__Work item__.
Please write out only the lines from the one containing "We have to calculate" through the last line of the listing. Do not include pictures.

__Listed entries__.

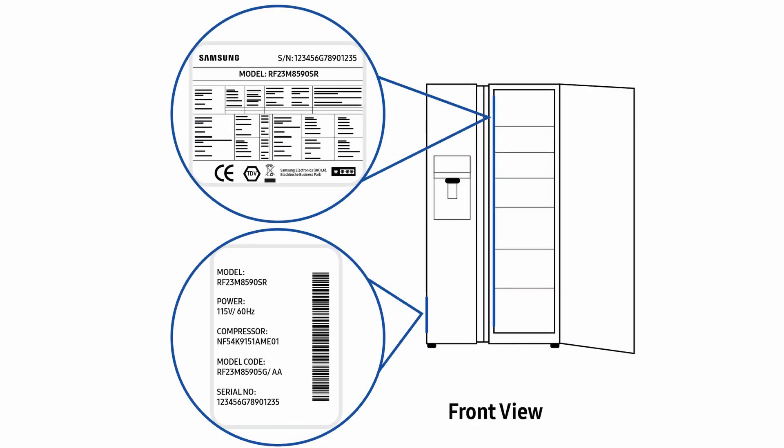For side by side models, the internal label is located on the left of the top door, and the external label is located on the left hand side of the freezer drawer.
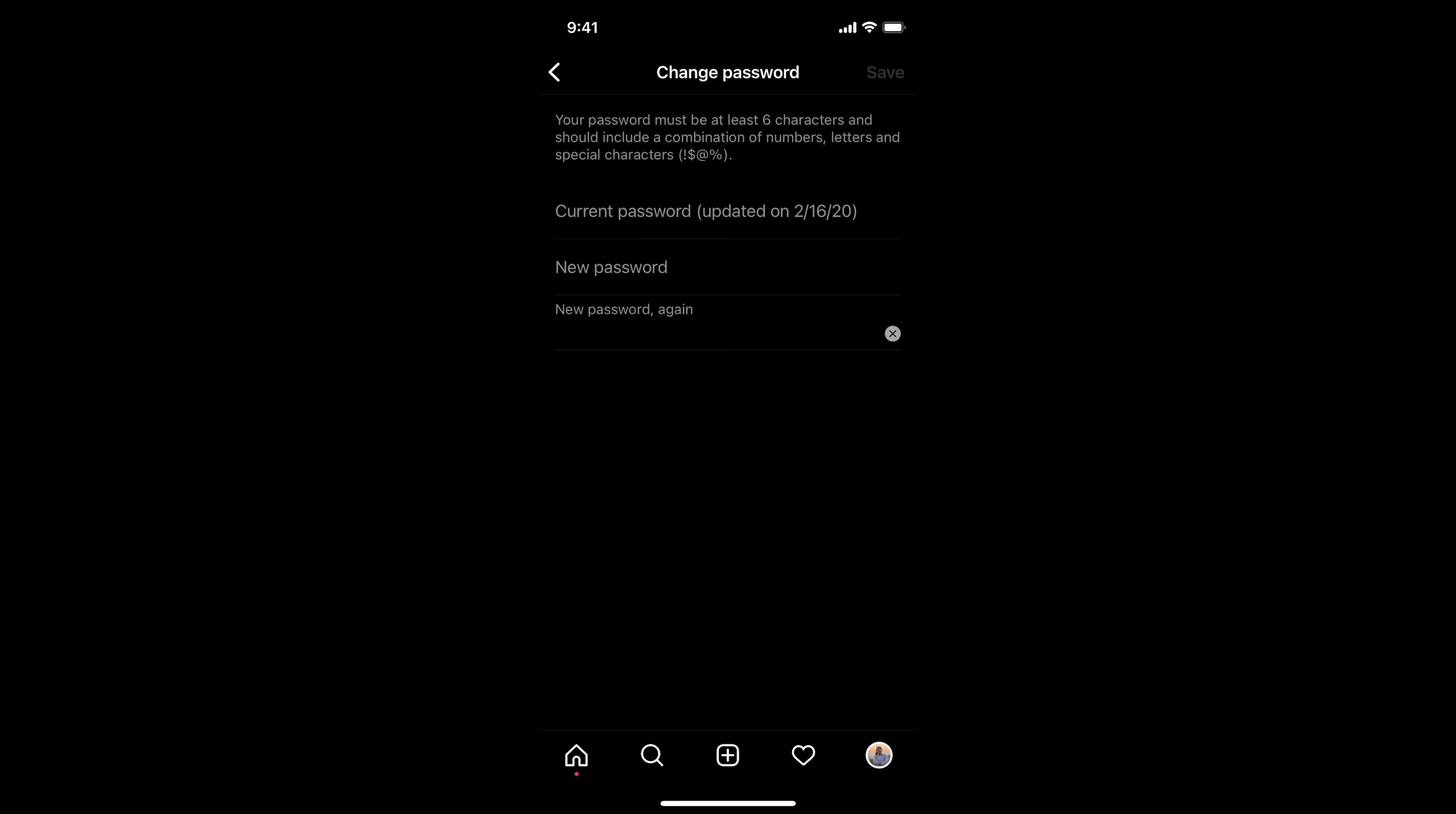In case you are logged in and want to change to a new password, simply tap on the profile icon at the right bottom corner. Now tap on these three lines at the right top corner, then tap on settings.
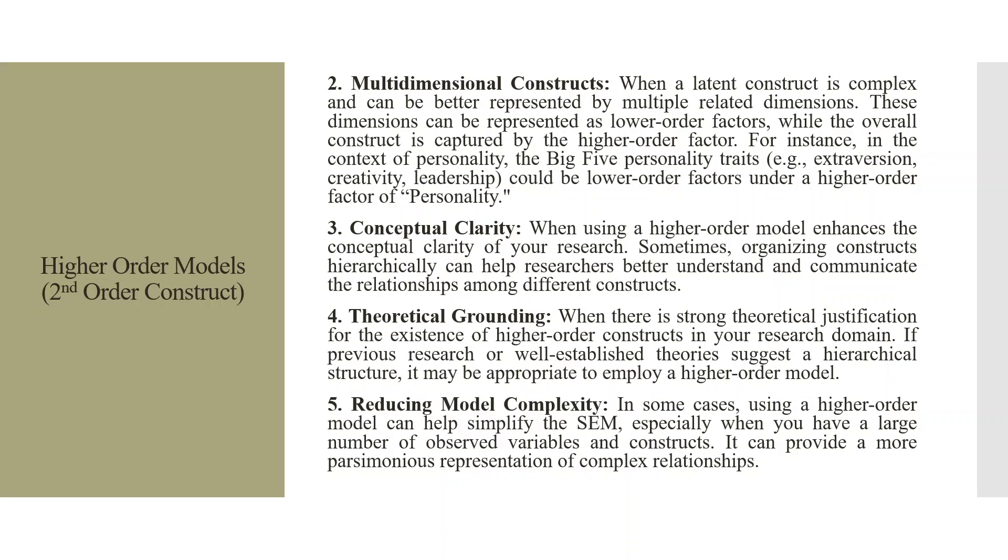Fifth, reducing the model complexity. In some cases, using a higher-order model can help simplify the SEM, especially when you have a large number of observed variables and constructs. It can provide a more parsimonious representation of complex relationships.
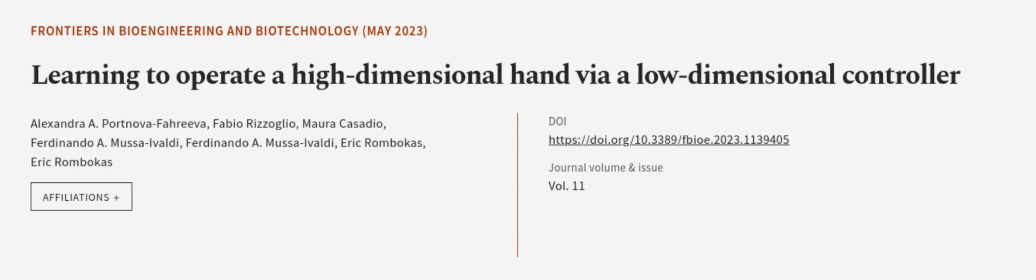This article was authored by Alexandra A. Portnovo-Fariva, Fabio Rosoglio, Mora Casadio, and others. Links in the description below.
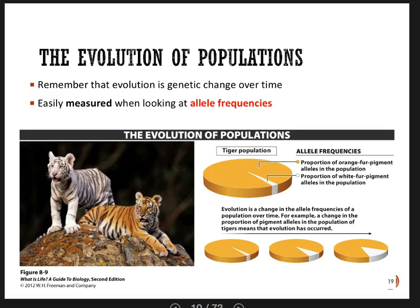Welcome back. We are talking about evolution, and we've just gotten done talking about Darwin and his ideas. But it's been like 150 years since Darwin was first publishing his work, and our understanding of evolution has definitely matured since what he wrote.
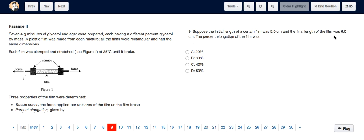We have to calculate the change in length, which is 6 minus 5, which is 1. We divide that by the original length, which is 5, so we have 1 over 5, and we multiply that by 100. That gives us 20%, so the answer is A, 20%.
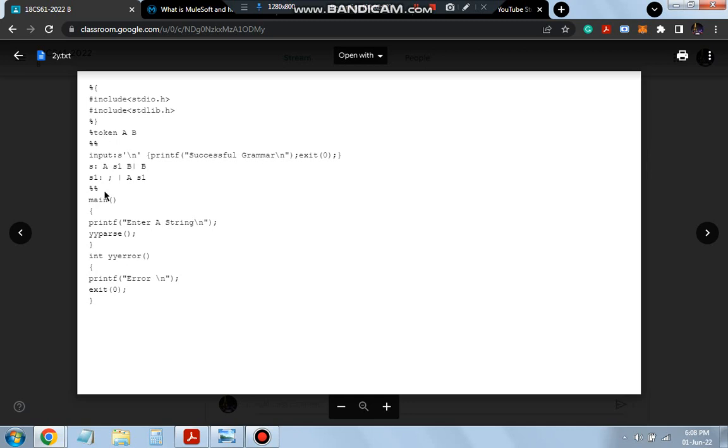So how to remember this? Start from here: two files, token A, B. And here we have the input first: S slash N. This is all what you have to remember. S slash N, printf successful grammar. And here what we have is A S1.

__Response to the task__.
We have to calculate the change in length, which is 6 minus 5, which is 1. We divide that by the original length, which is 5, so we have 1 over 5, and we multiply that by 100. That gives us 20%, so the answer is A, 20%.
So how to remember this? Start from here: two files, token A, B. And here we have the input first: S slash N. This is all what you have to remember. S slash N, printf successful grammar. And here what we have is A S1.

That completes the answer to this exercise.